# [REQUIRED ACTION]
An exact repeat is needed of the lines from the one with "Saint Laurent Canvas" through the last line of the data below. Please omit the pictures.

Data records
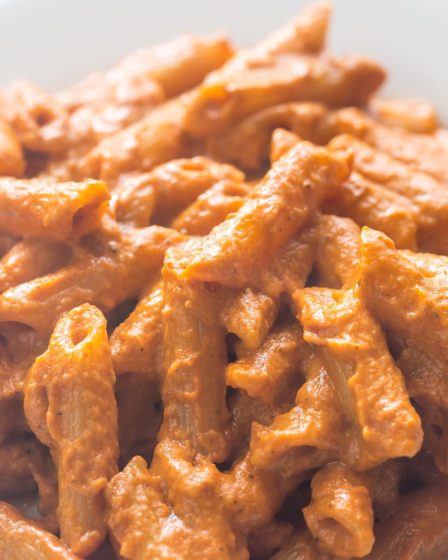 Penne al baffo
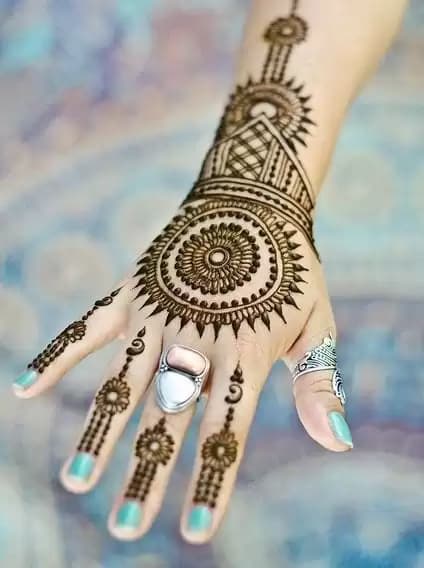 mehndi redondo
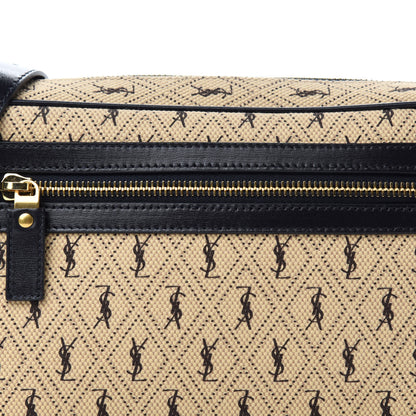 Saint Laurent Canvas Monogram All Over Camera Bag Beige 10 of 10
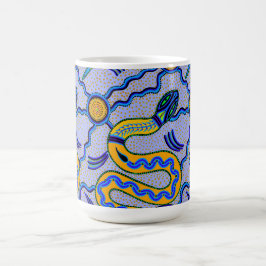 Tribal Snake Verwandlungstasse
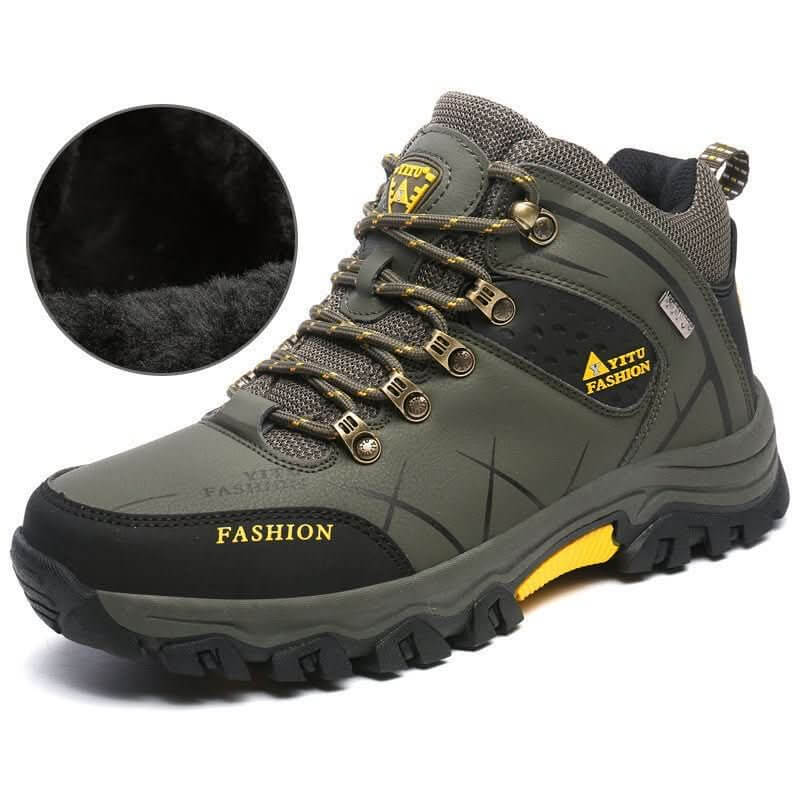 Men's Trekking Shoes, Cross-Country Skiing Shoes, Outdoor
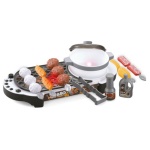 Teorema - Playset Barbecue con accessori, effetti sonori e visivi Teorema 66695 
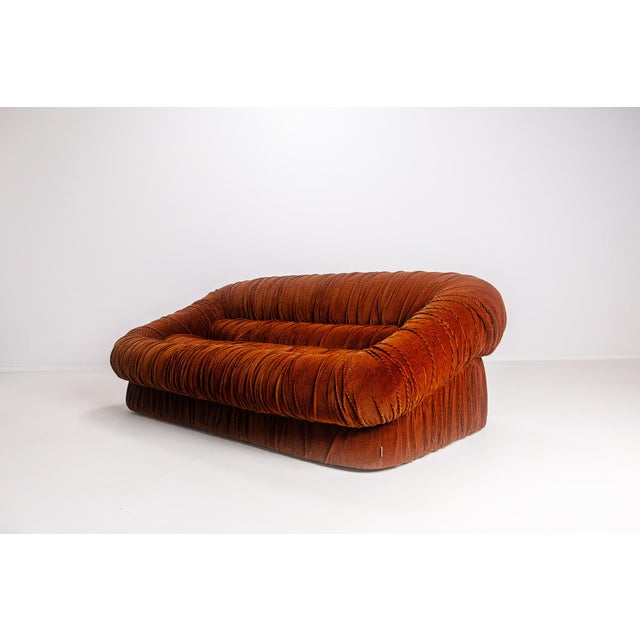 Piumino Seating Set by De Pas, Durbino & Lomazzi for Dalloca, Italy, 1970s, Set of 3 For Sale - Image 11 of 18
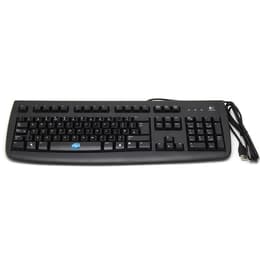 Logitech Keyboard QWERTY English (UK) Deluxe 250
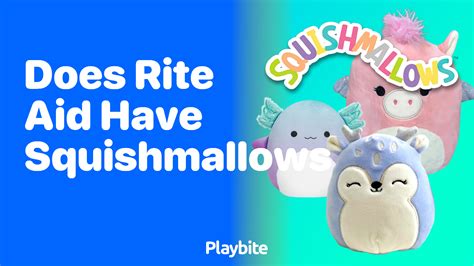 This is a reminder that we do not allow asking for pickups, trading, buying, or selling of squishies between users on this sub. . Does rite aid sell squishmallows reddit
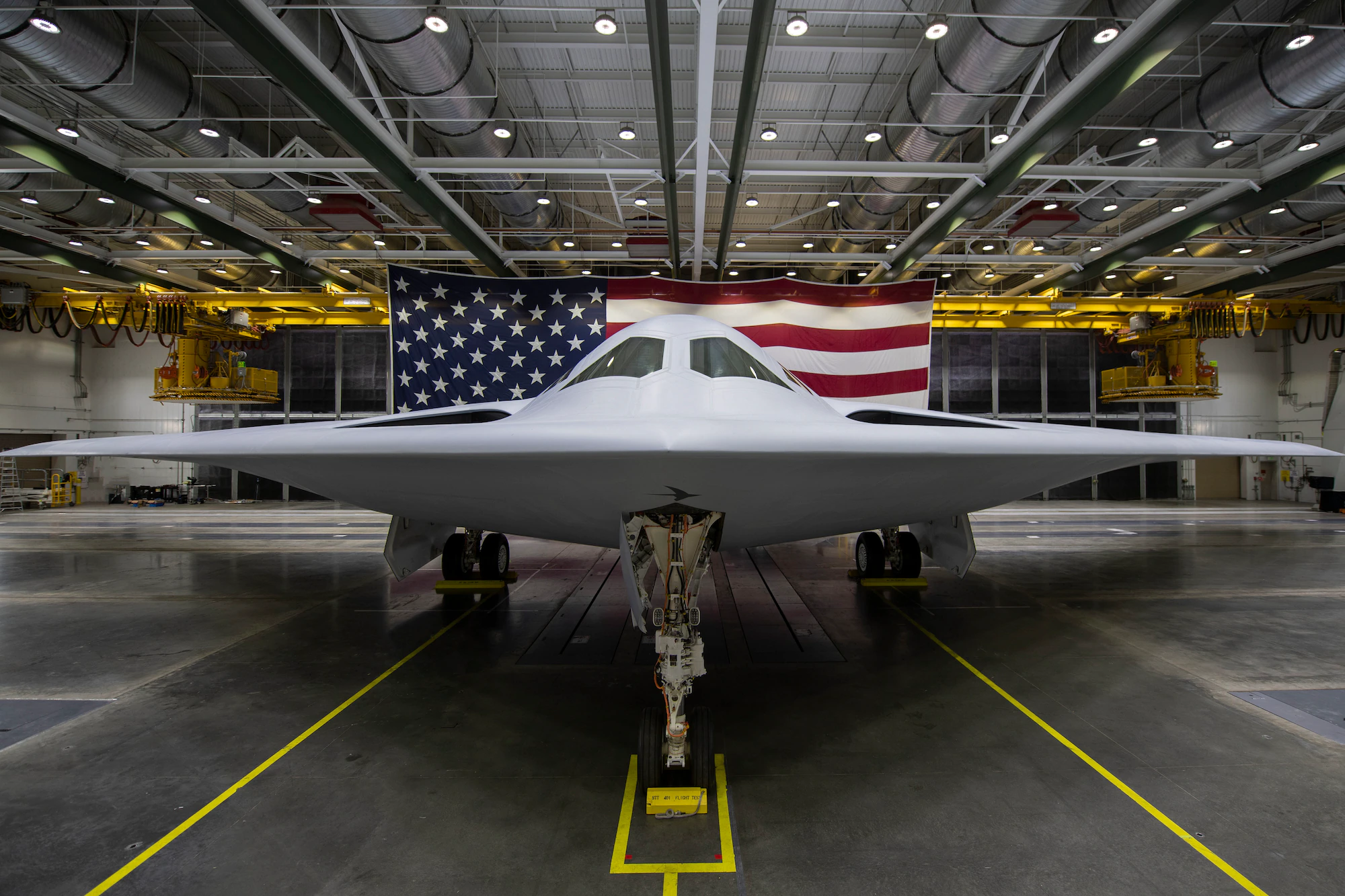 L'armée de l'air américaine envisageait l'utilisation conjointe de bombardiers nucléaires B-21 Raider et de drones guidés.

# [EXERCISE RESULT]
 Saint Laurent Canvas Monogram All Over Camera Bag Beige 10 of 10
 Tribal Snake Verwandlungstasse
 Men's Trekking Shoes, Cross-Country Skiing Shoes, Outdoor
 Teorema - Playset Barbecue con accessori, effetti sonori e visivi Teorema 66695 
 Piumino Seating Set by De Pas, Durbino & Lomazzi for Dalloca, Italy, 1970s, Set of 3 For Sale - Image 11 of 18
 Logitech Keyboard QWERTY English (UK) Deluxe 250
 This is a reminder that we do not allow asking for pickups, trading, buying, or selling of squishies between users on this sub. . Does rite aid sell squishmallows reddit
 L'armée de l'air américaine envisageait l'utilisation conjointe de bombardiers nucléaires B-21 Raider et de drones guidés.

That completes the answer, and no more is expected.